Comment vont survivre les petites officines ?

Pour cette première édition des Amphis de l’officine organisée le 18 juin par la FSPF, il a été question de l’évolution du modèle économique en officine. Les spécialistes se sont succédé pour comprendre les déboires économiques des officines. Ont-ils des solutions concrètes ?

Le bilan est là : près de 250 officines ont dû mettre la clef sous la porte en 2018, tout comme l’année précédente. Si les chiffres d’affaires sont en légère hausse, ce n’est qu’artificiel. «  Les produits chers, c’est l’arbre qui cache la forêt » précise Joël Lecoeur, président de CGP. Les médicaments sortis de la réserve hospitalière, comme les AAD et certains anticancéreux, gonflent les chiffres, mais rapportent très peu aux titulaires.

Il y a une rupture forte cette année, entre les petites officines qui décrochent et les grandes officines qui progressent. « La taille est un élément déterminant dans l’analyse de la rentabilité » confirme Monsieur Lecoeur, l’excèdent brut d’exploitation (EBE) double entre les officines en dessous de 1 million d’euros de CA et celles au-dessus de 1,5 million.

« Mais ce n’est pas qu’une question d’argent, il faut trouver un modèle qui fonctionne »  assène Philippe Besset, président de la FSPF, lors de l’ouverture des discussions.

Quels problèmes, quels modèles ?

Le monde de l’officine est divisé en deux modèles. Les pharmacies de proximités tant chéries par les intervenants, avec de « petits » chiffres d’affaires, chargées année après année de plus de missions de santé et dont les pharmaciens, chantres de la santé publique, ne seraient pas des commerçants. Et les « méga-officines », aux pharmaciens businessmen qui engrangent de très impressionnantes sommes d’argent, grâce à une logique de prix. Les questions posées lors de la table ronde : comment aider ces petites pharmacies face à leurs grandes sœurs et comment préserver le précieux maillage territorial.

Pour réaffirmer les pharmaciens dans leur rôle de professionnel de santé, les pouvoirs publics leur ont confié toujours plus de missions (prévention, vaccination, télémédecine…) qui sont coûteuses à installer, et demande de l’espace. Or les petites officines de proximités manquent de moyens et de place. « Formidable idée de donner de nouvelles missions aux pharmaciens.
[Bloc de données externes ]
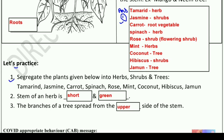Continuing the classification: spinach is an herb; rose is a shrub; mint (पोदीना) is an herb; coconut is a tree; hibiscus is a shrub; and jamun is also a tree. अगर आप carrot के लिए shrub लिखना चाहें तो वो भी लिख सकते हैं।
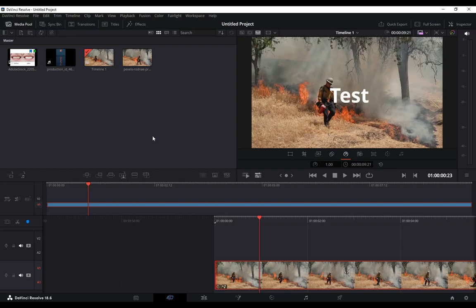Hey guys, how you doing? Welcome to another tutorial video. I hope you're all doing well. In this tutorial, I'll try to explain as best as I can how you can do a time lapse in DaVinci Resolve 18.6.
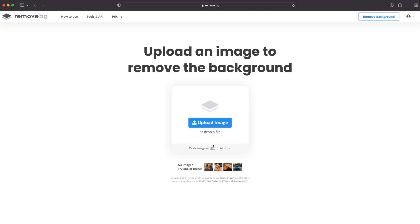The first one is very well known, not only for designers. Remove.bg represents one of my most favorite tools for speeding up my design workflow. The functionality is really simple — the tool will instantly remove the background of uploaded images and create a PNG image with a transparent background.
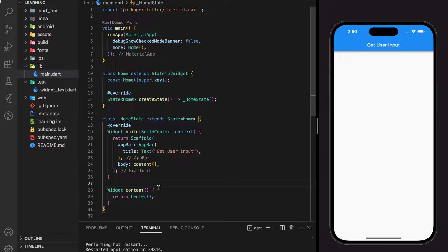Welcome back to my channel. In this tutorial, I will be showing you how to create text fill in Flutter and how to get the user input value of the text fill.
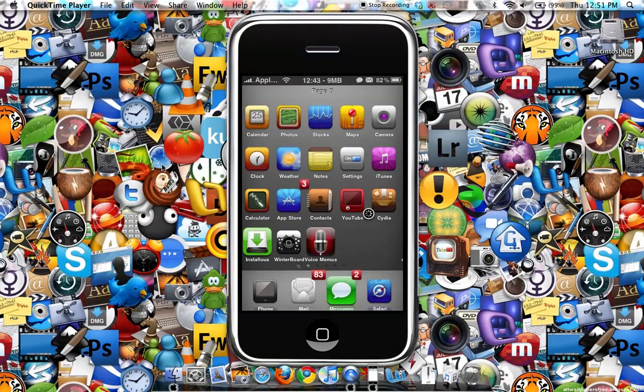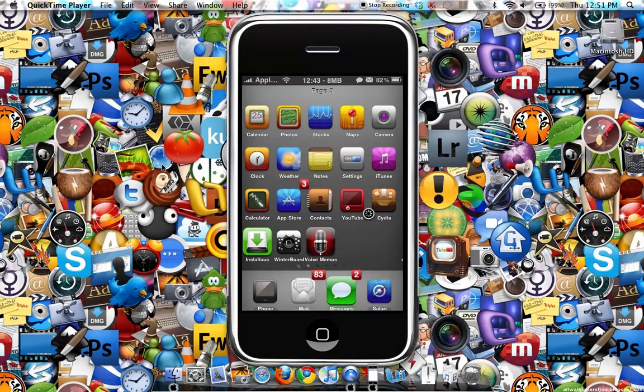Hey guys, what's up. This is my video on SpinBoard. SpinBoard spins your icons when you rotate your iPhone. Here is the demo of SpinBoard.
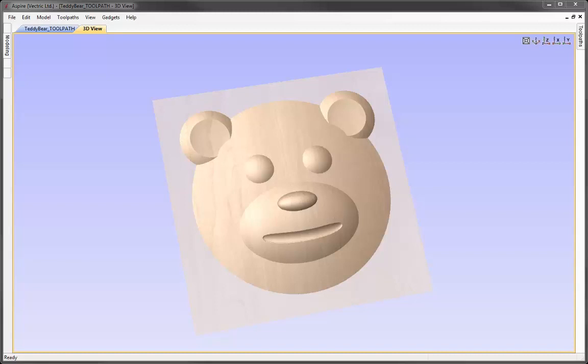In this tutorial, we're going to look at creating the model that you can see here. We're going to open up a file that already has vectors in and we're going to take those vectors and look at using the Create Shape tool to create the components that form this model. Once we've got this model, we're then going to move over to the toolpath and look at how we can create toolpaths to cut that out on our CNC machine.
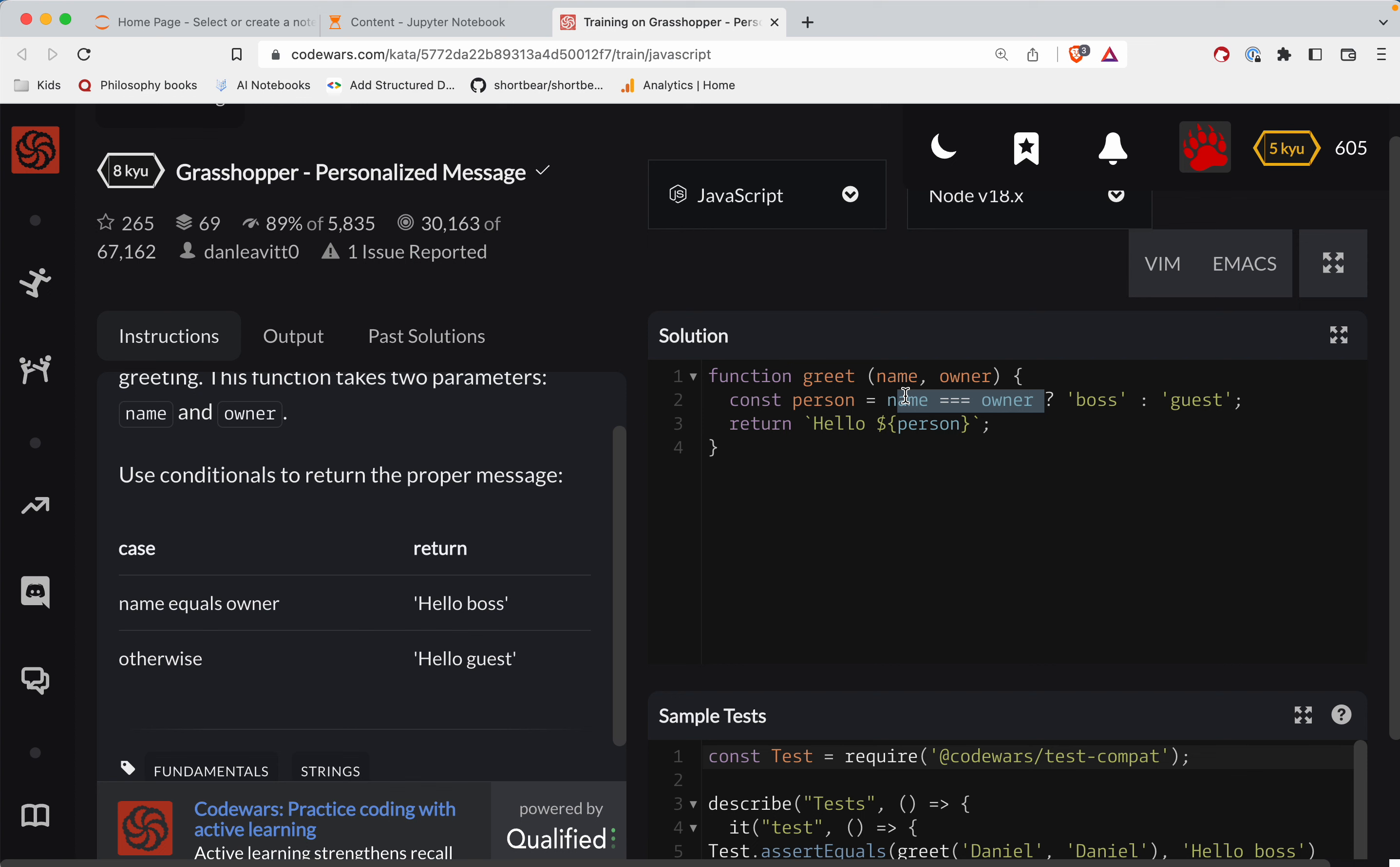So if these are true, question mark, there's your truth thing. There's your falsie thing.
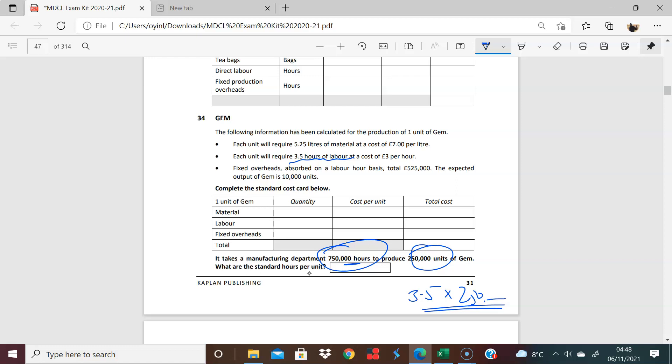Okay, so you've got your standard hours per unit given to you. So you calculate that. Standard hours per unit here is 3.5.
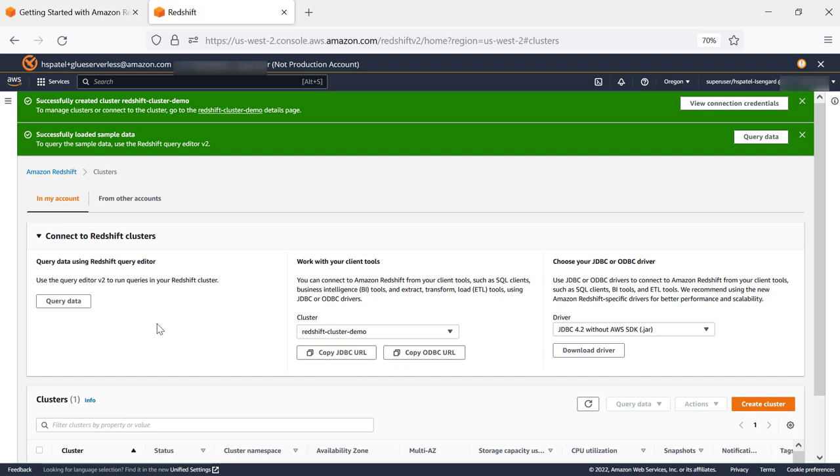For the purposes of this demo, we are going to jumpstart using Query Editor version 2.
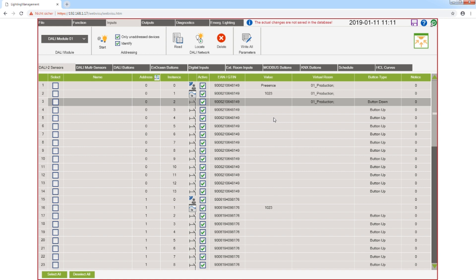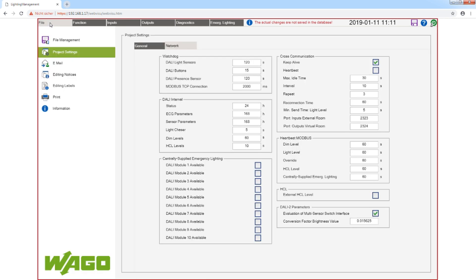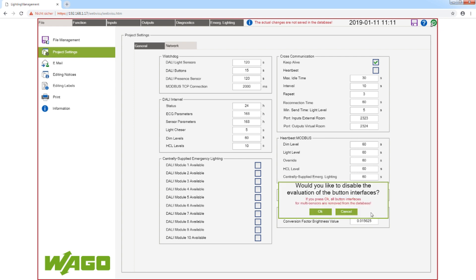If you don't use the switch interface, you can deactivate this interface. Therefore I click on file, project settings, network, and here on the right side I can deactivate the switch interface.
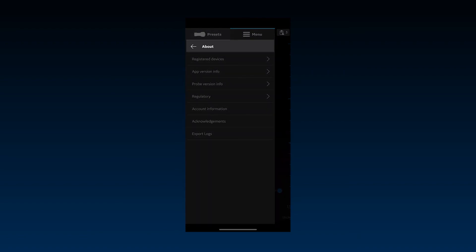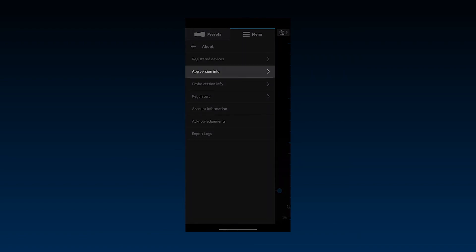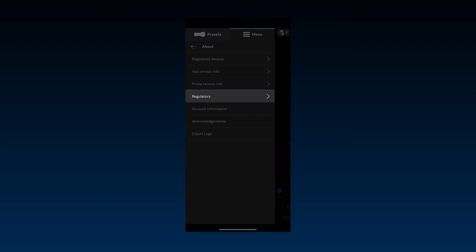Under the About section, you'll find information about your registered devices, app and probe versions, as well as regulatory labels.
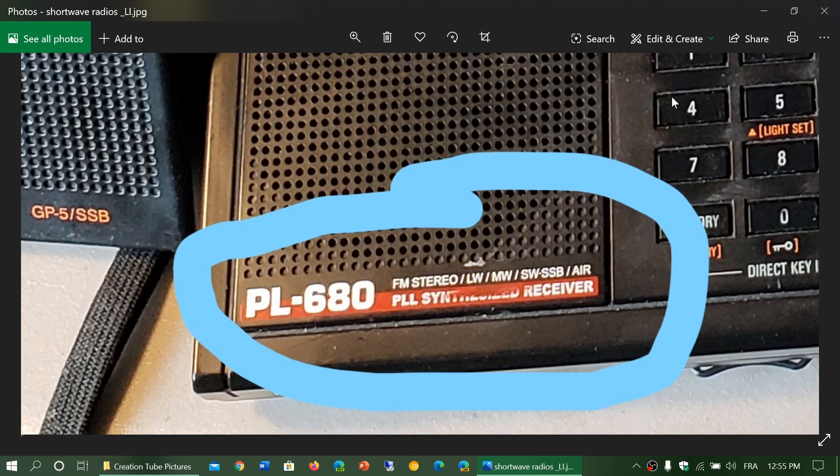Receivers come in different forms: there are analog radios, analog radios that have PLL synthesized tuning, and of course there are DSP receivers, which have digital signal processing.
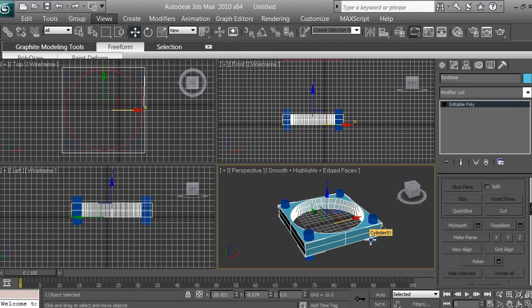When you're smoothing your models with some other modifiers, it's going to get a funky shape. So to keep your shape but smooth the edges of the model, you want to tessellate first and then use the smooth modifier. We just use the tessellate modifier.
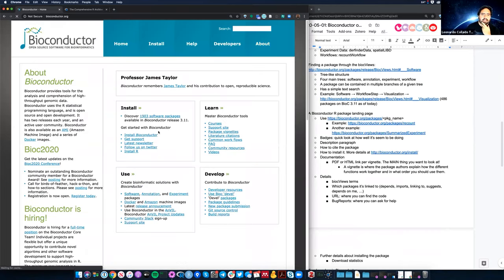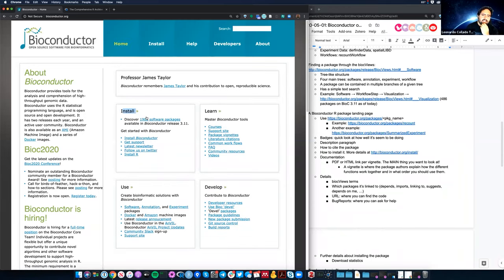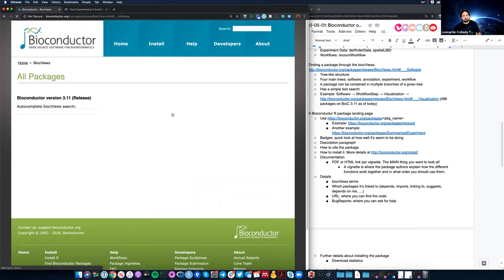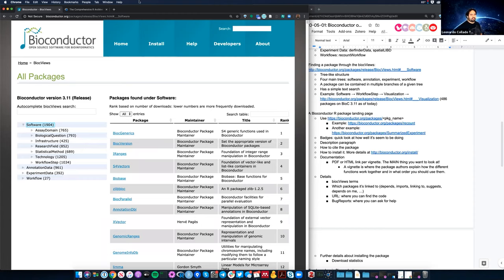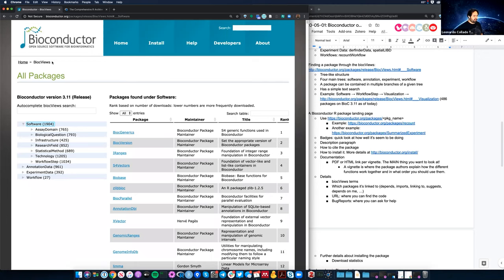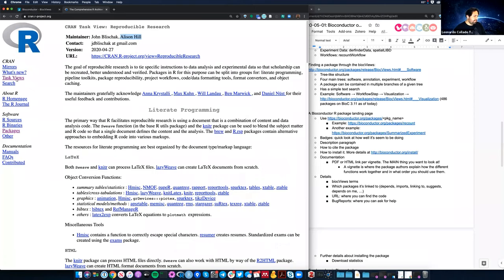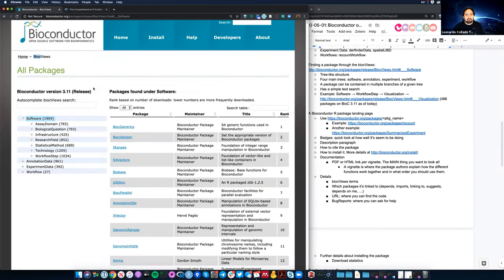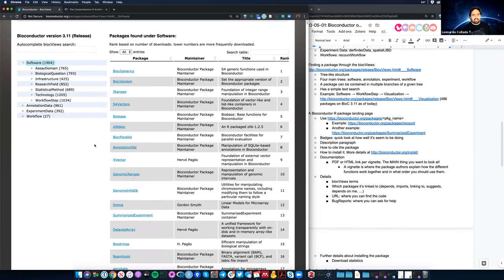On the main landing page there are four little boxes in the middle. One has the install header and says 'Discover 1,900 software packages.' If I click on that, it opens what's called BiocViews. The name is kind of a play on CRAN views — CRAN has task views, Bioconductor has BiocViews. It's born from the same idea of having categories or labels for packages.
C’est une encore meilleure idée de les inciter financièrement et ce n’est pas encore fait » affirme Sophie Sergent, pharmacienne d’officine, élue URPS et présidente de la commission pharmacie clinique et exercice coordonné à la FSPF. « L’effet pervers c’est que ces grosses pharmacies vont pouvoir capitaliser sur ces politiques de santé publique » analyse quant à lui Claude Le Pen, économiste de la santé et professeur à l’Université Paris-Dauphine.

Quelles solutions peuvent être proposées ?

Le problème est désormais posé, il faut mettre en avant des solutions. Patrick Vignal, député LREM de l’Hérault, se lance : « je propose une fiscalité plus intéressante pour le pharmacien en centre-ville ». Il propose ainsi d’inscrire dans le plan de revitalisation des centres-ville du gouvernement une aide pour les pharmaciens. Pour Claude Le Pen la feuille de route est « définir une politique, définir des zones à risque, définir des moyens ». Mais comment définir ces zones ? « Il manque des datas pour travailler » estime Philippe Besset, il faudrait certainement l’aide des ARS et URPS pour élaborer un zonage.

Et Philippe Besset de conclure ces premiers Amphis de l’officine : « Je suis très content que l’on ait identifié le problème ». Maintenant que le diagnostic est posé, les experts se laissent un an d’action et de réflexion avant d’en rediscuter à la seconde édition en 2020.